## [EXTRACTED DATA]
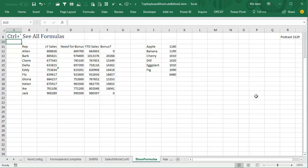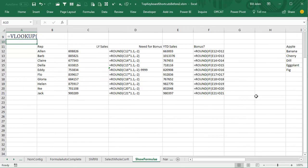Someone sent us a spreadsheet, we need to figure out how the spreadsheet is working. A fast way to see all formulas - there's a key on the US keyboard just underneath the ESC key. It has the tilde from Spanish and the backwards accent, the accent IGU from French. If you hold down Ctrl and that key, it will go into Show Formulas mode.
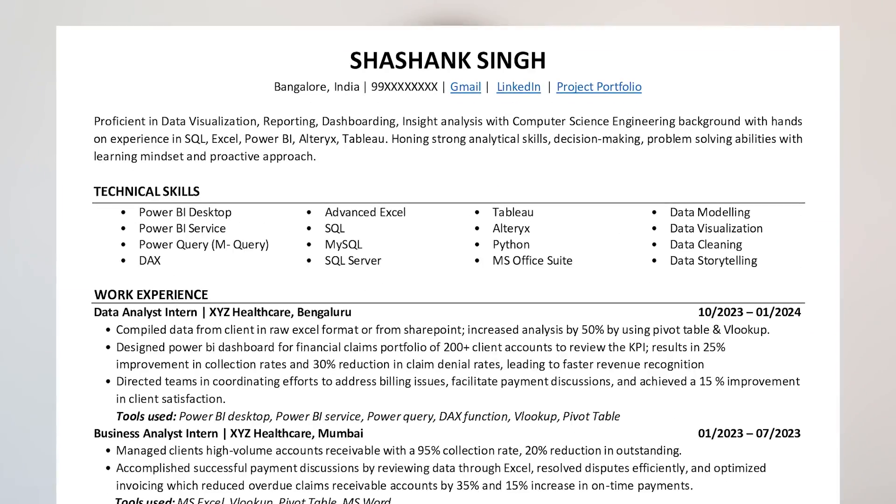The format of your resume is also very important. It should include all required sections, and the font style should be consistent — no fancy fonts, keep it simple and readable. At the top, mention your name, Gmail ID, location, mobile number, LinkedIn profile, and project portfolio link. These should be clickable links — for example, write 'Gmail' and hyperlink it, and write 'Project Portfolio' and make that word a clickable link.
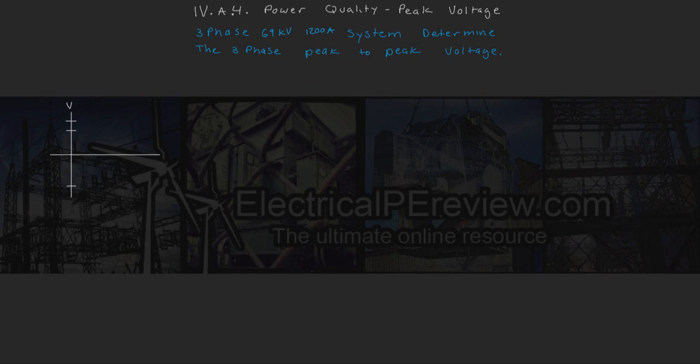Hello, and welcome to another video by electricalpereview.com. In this episode, we're going to be covering the difference between RMS and peak voltage.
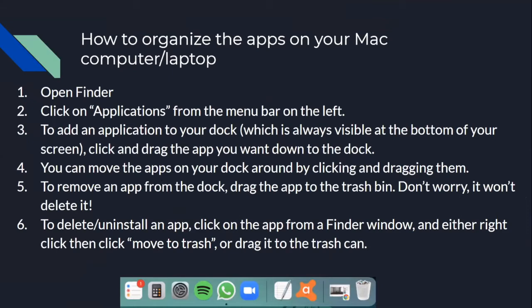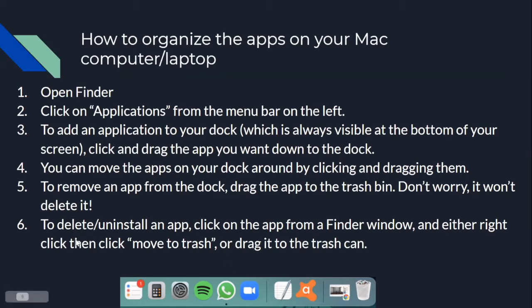For Mac computers and laptops, you have to open Finder, then click on Applications, which should be in the menu bar on the left of your screen. To add an application to your dock at the bottom of your screen, all you have to do is click and hold on the app, then drag it down to the dock. You can move apps around on the dock by clicking and dragging them. To remove an app from the dock, click and drag the app to the trash bin — don't worry, this won't delete it; it just removes it from the dock. If you do want to delete or uninstall an app, go to a Finder window, then either right-click on the app and click Move to Trash, or click and drag it to the trash can.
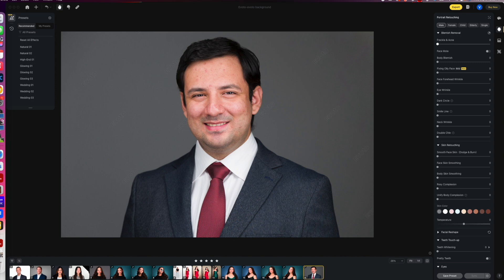Veil Fucci, the headshot doctor here. Today I'm going to show you how I edit this image in Evoto AI. Normally this would have been a pretty time-consuming edit in Photoshop, but let's see how this really simplifies the process.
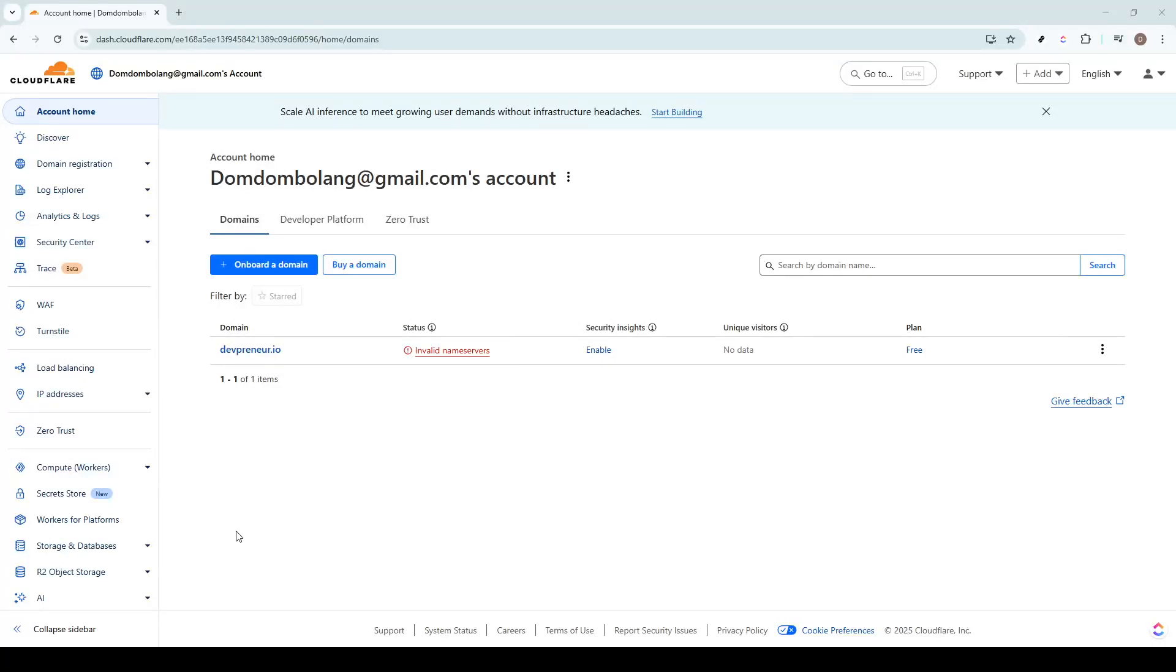In today's video I'm going to teach you how to navigate through Cloudflare's dashboard to search for and configure networks and tunnels. Whether you're new to Cloudflare or looking to refine your skills, this guide will walk you through each step, ensuring that you can handle this task with ease and confidence.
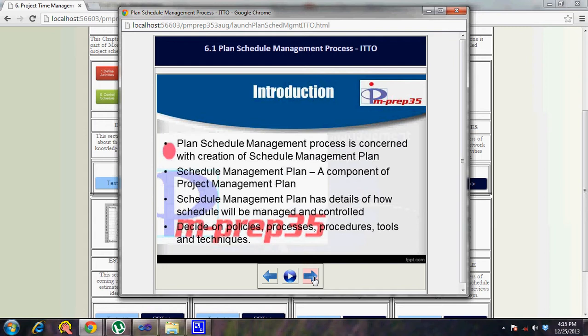The schedule management plan is a baseline document that does not undergo changes unless there is a valid case going through the change request or change control process. It is used during monitoring and controlling to check performance against the baseline. For example, if you want to change the project schedule document, you refer to the plan to find the approving authority, the process, and the factors to keep in mind.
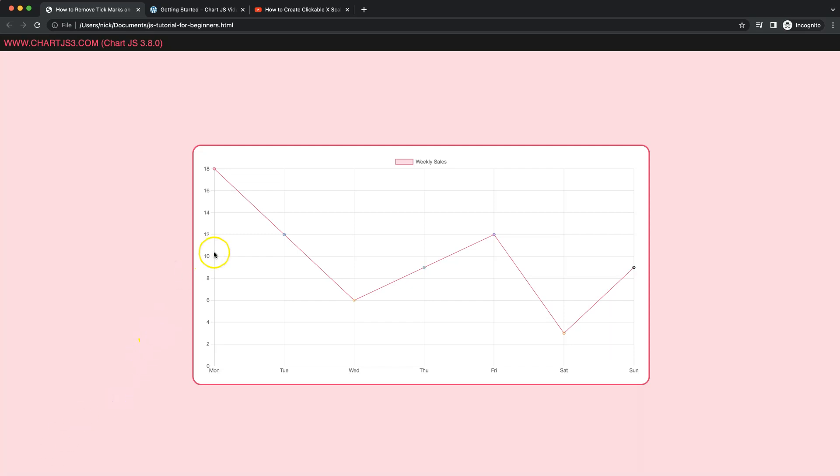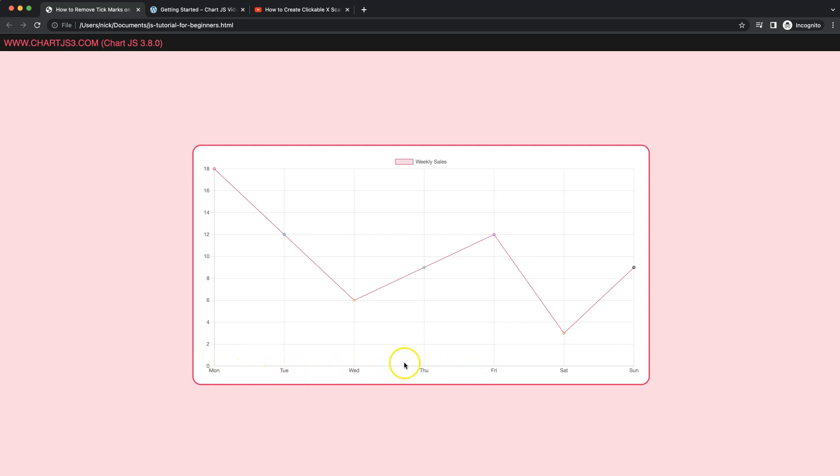In this video we're going to focus on how we can remove the tick marks from the scales here at the bottom. As you can see here, normally we have these lines connecting with the labels, which are the tick marks. But now we're going to remove them so that the labels will be nicely close to the baseline here. So let's start to look how to do this.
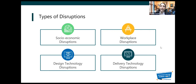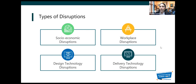Finally, there are the delivery technology disruptions. Whether you are delivering using mobile, whether you are using personalized learning through AI, machine learning — all these are delivery technology disruptions.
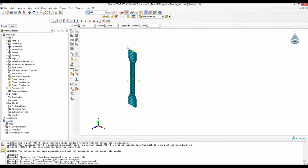Let's say you have created this tensile dogbone model. This end is fixed and this end is pulled up.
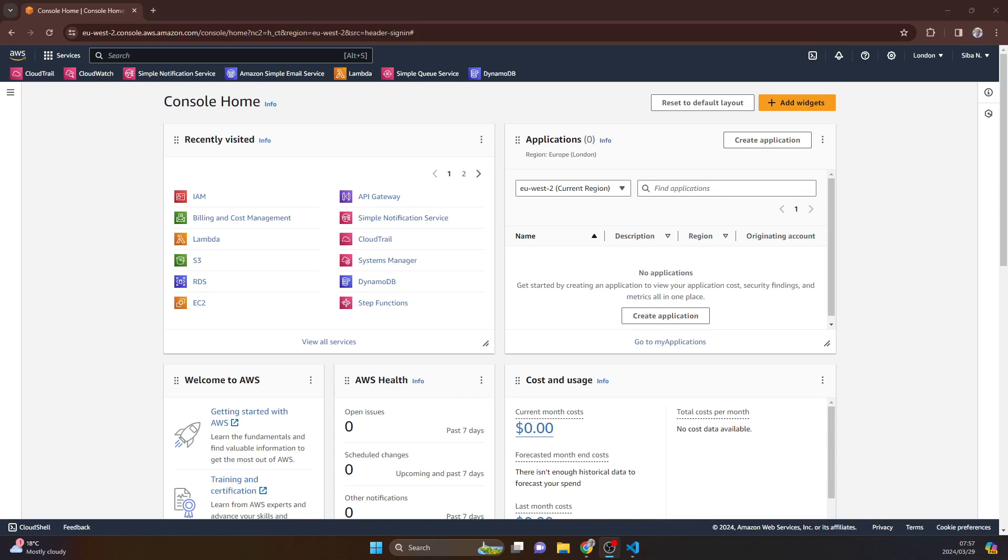All right, so in the next video what I'm going to do is I'm going to create the identity provider and the role, and then we'll take it from there.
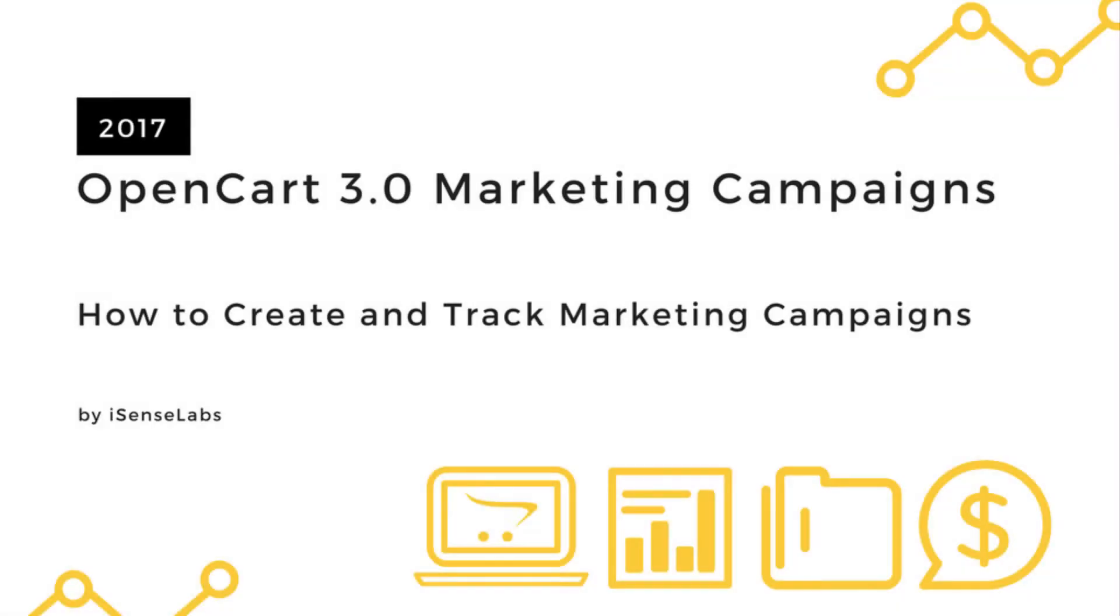Hey and welcome to another OpenCart 3 tutorial brought to you by iSense Labs in collaboration with OpenCart. Today the topic is marketing campaigns.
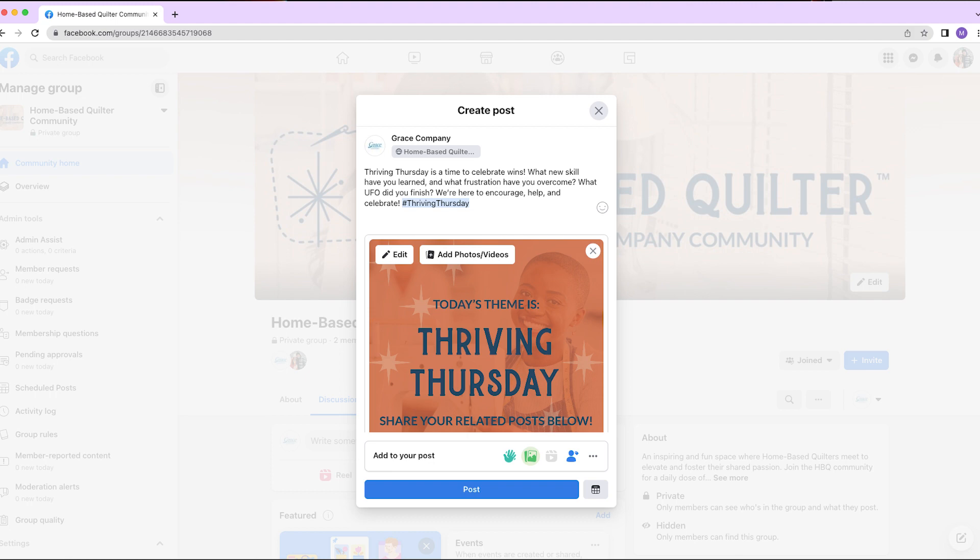Thriving Thursday is a time to celebrate wins. What new skill have you learned and what frustration have you overcome? What UFO did you finish? We're here to encourage, help, and celebrate.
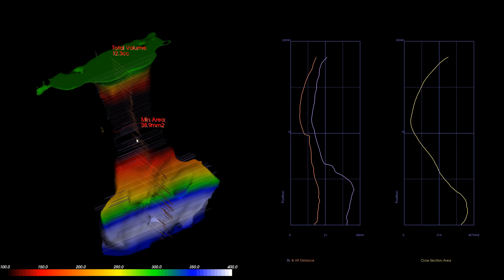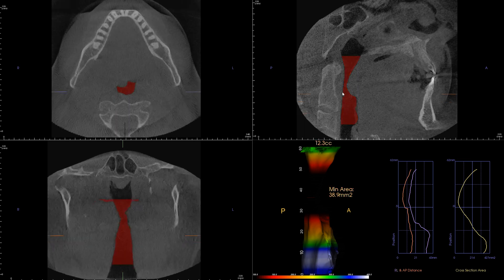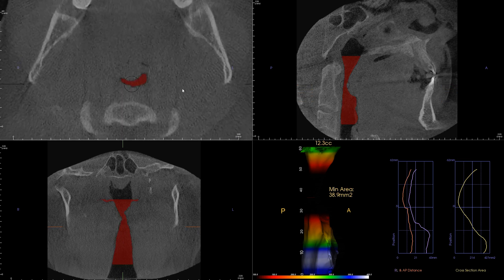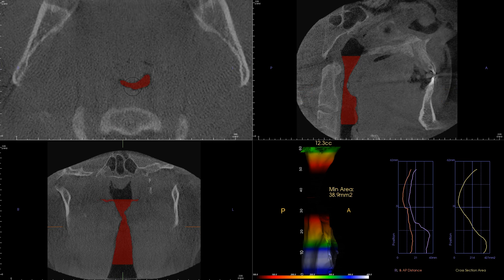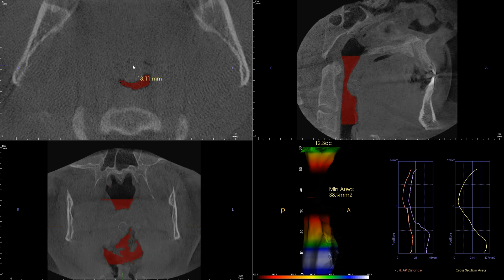Let's figure out the approximate dimensions of the airway. Let me get to the area of interest and zoom in for a rough estimate. In the transverse direction I'm measuring about 13 millimeters at this level, and in the AP direction I'm getting about 3 millimeters.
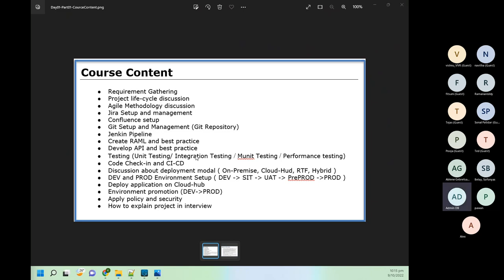On the testing part, we will do different kinds of testing — MUnit testing and integration testing. For performance testing, if we have time we will use JMeter to do performance and load testing. If we run out of time, I will at least share a video on performance and load testing using JMeter, but most probably we will cover it.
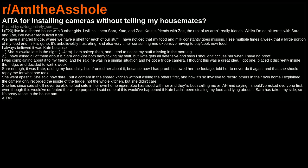I said none of this would have happened if Kate hadn't been stealing my food and lying about it. Sarah has taken my side, so it's pretty tense in the house ATM. AITA? NTA. This is normal behavior for someone caught doing something wrong by trying to deflect.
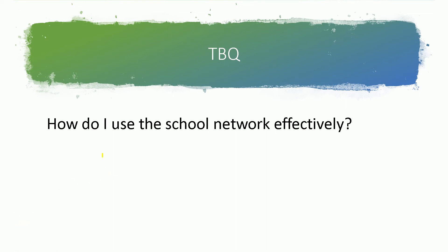When I'm going through my question here, how do I use the school network effectively, if there's specific keywords that we come across, we will highlight those keywords there. So I've highlighted network and I've highlighted the word effectively there as well.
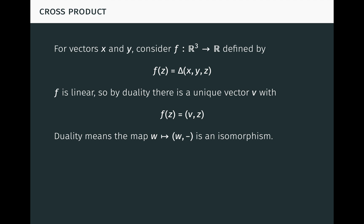For more on duality, see my video on duality and linear algebra. The vector v, like f, depends upon x and y. We write v as x cross y. Then from the above, we have that x cross y times z equals delta of x, y, z, for all vectors x, y, and z. This equation defines x cross y.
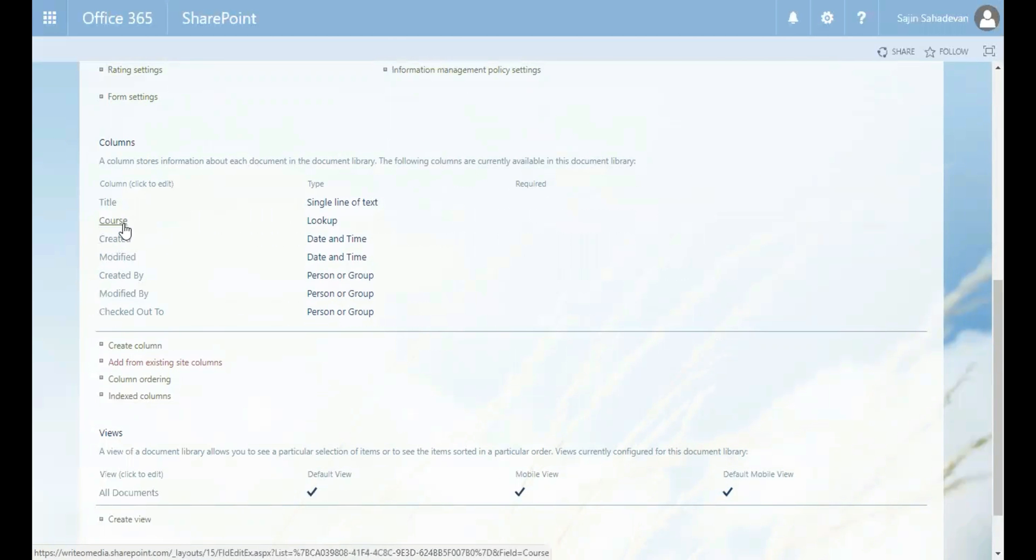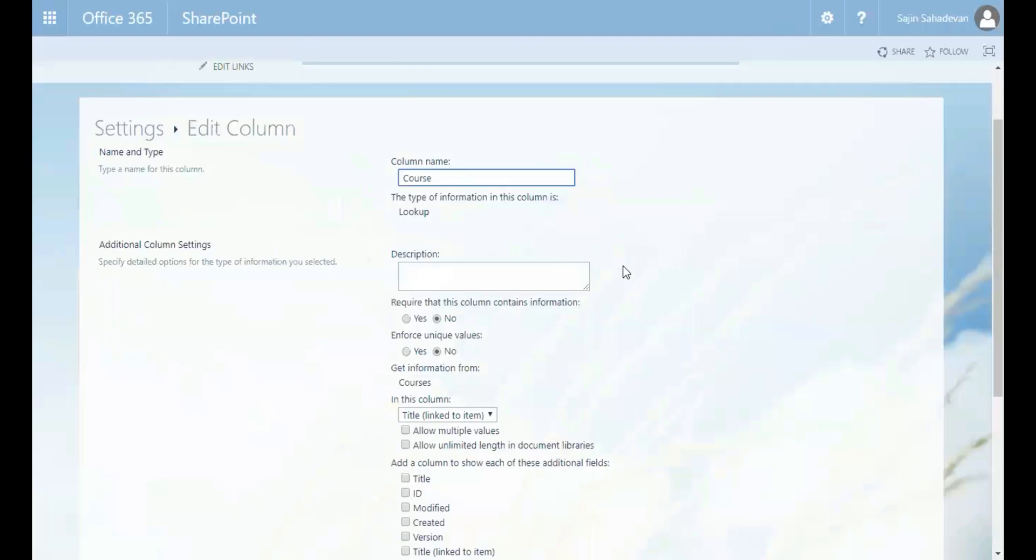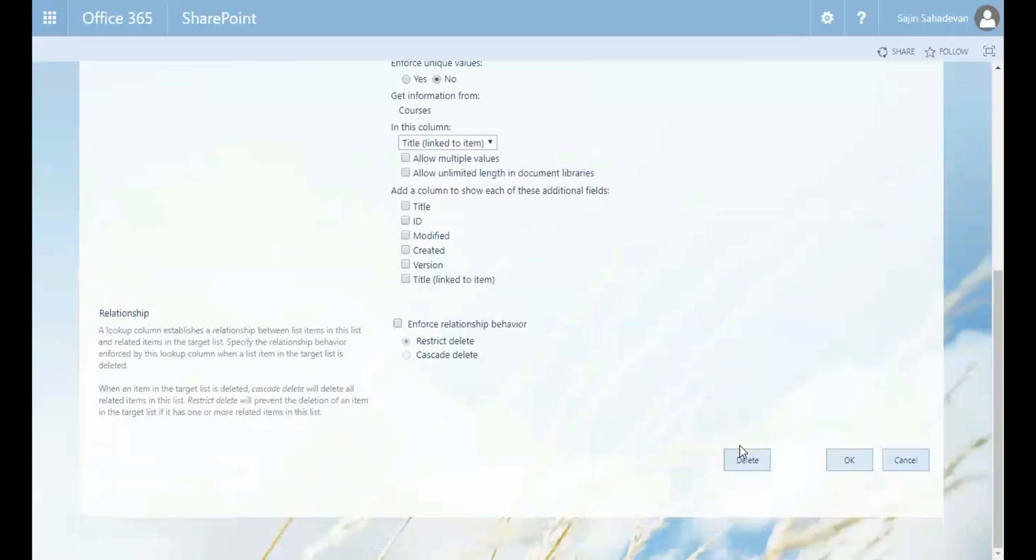And what I need to do is remove this course column. So I've removed it.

## [WORK TO BE COMPLETED]
Your copy should match every record exactly and contain no pictures.

## [TASK OUTPUT]
Someone sent us a spreadsheet, we need to figure out how the spreadsheet is working. A fast way to see all formulas - there's a key on the US keyboard just underneath the ESC key. It has the tilde from Spanish and the backwards accent, the accent IGU from French. If you hold down Ctrl and that key, it will go into Show Formulas mode.
The format of your resume is also very important. It should include all required sections, and the font style should be consistent — no fancy fonts, keep it simple and readable. At the top, mention your name, Gmail ID, location, mobile number, LinkedIn profile, and project portfolio link. These should be clickable links — for example, write 'Gmail' and hyperlink it, and write 'Project Portfolio' and make that word a clickable link.
Hello, and welcome to another video by electricalpereview.com. In this episode, we're going to be covering the difference between RMS and peak voltage.
For Mac computers and laptops, you have to open Finder, then click on Applications, which should be in the menu bar on the left of your screen. To add an application to your dock at the bottom of your screen, all you have to do is click and hold on the app, then drag it down to the dock. You can move apps around on the dock by clicking and dragging them. To remove an app from the dock, click and drag the app to the trash bin — don't worry, this won't delete it; it just removes it from the dock. If you do want to delete or uninstall an app, go to a Finder window, then either right-click on the app and click Move to Trash, or click and drag it to the trash can.
Veil Fucci, the headshot doctor here. Today I'm going to show you how I edit this image in Evoto AI. Normally this would have been a pretty time-consuming edit in Photoshop, but let's see how this really simplifies the process.
In today's video I'm going to teach you how to navigate through Cloudflare's dashboard to search for and configure networks and tunnels. Whether you're new to Cloudflare or looking to refine your skills, this guide will walk you through each step, ensuring that you can handle this task with ease and confidence.
The schedule management plan is a baseline document that does not undergo changes unless there is a valid case going through the change request or change control process. It is used during monitoring and controlling to check performance against the baseline. For example, if you want to change the project schedule document, you refer to the plan to find the approving authority, the process, and the factors to keep in mind.
In this video we're going to focus on how we can remove the tick marks from the scales here at the bottom. As you can see here, normally we have these lines connecting with the labels, which are the tick marks. But now we're going to remove them so that the labels will be nicely close to the baseline here. So let's start to look how to do this.
Finally, there are the delivery technology disruptions. Whether you are delivering using mobile, whether you are using personalized learning through AI, machine learning — all these are delivery technology disruptions.
Let's say you have created this tensile dogbone model. This end is fixed and this end is pulled up.
All right, so in the next video what I'm going to do is I'm going to create the identity provider and the role, and then we'll take it from there.
Hey and welcome to another OpenCart 3 tutorial brought to you by iSense Labs in collaboration with OpenCart. Today the topic is marketing campaigns.
Thriving Thursday is a time to celebrate wins. What new skill have you learned and what frustration have you overcome? What UFO did you finish? We're here to encourage, help, and celebrate.
Let's figure out the approximate dimensions of the airway. Let me get to the area of interest and zoom in for a rough estimate. In the transverse direction I'm measuring about 13 millimeters at this level, and in the AP direction I'm getting about 3 millimeters.
On the testing part, we will do different kinds of testing — MUnit testing and integration testing. For performance testing, if we have time we will use JMeter to do performance and load testing. If we run out of time, I will at least share a video on performance and load testing using JMeter, but most probably we will cover it.
I said none of this would have happened if Kate hadn't been stealing my food and lying about it. Sarah has taken my side, so it's pretty tense in the house ATM. AITA? NTA. This is normal behavior for someone caught doing something wrong by trying to deflect.
When I'm going through my question here, how do I use the school network effectively, if there's specific keywords that we come across, we will highlight those keywords there. So I've highlighted network and I've highlighted the word effectively there as well.
For more on duality, see my video on duality and linear algebra. The vector v, like f, depends upon x and y. We write v as x cross y. Then from the above, we have that x cross y times z equals delta of x, y, z, for all vectors x, y, and z. This equation defines x cross y.
And what I need to do is remove this course column. So I've removed it.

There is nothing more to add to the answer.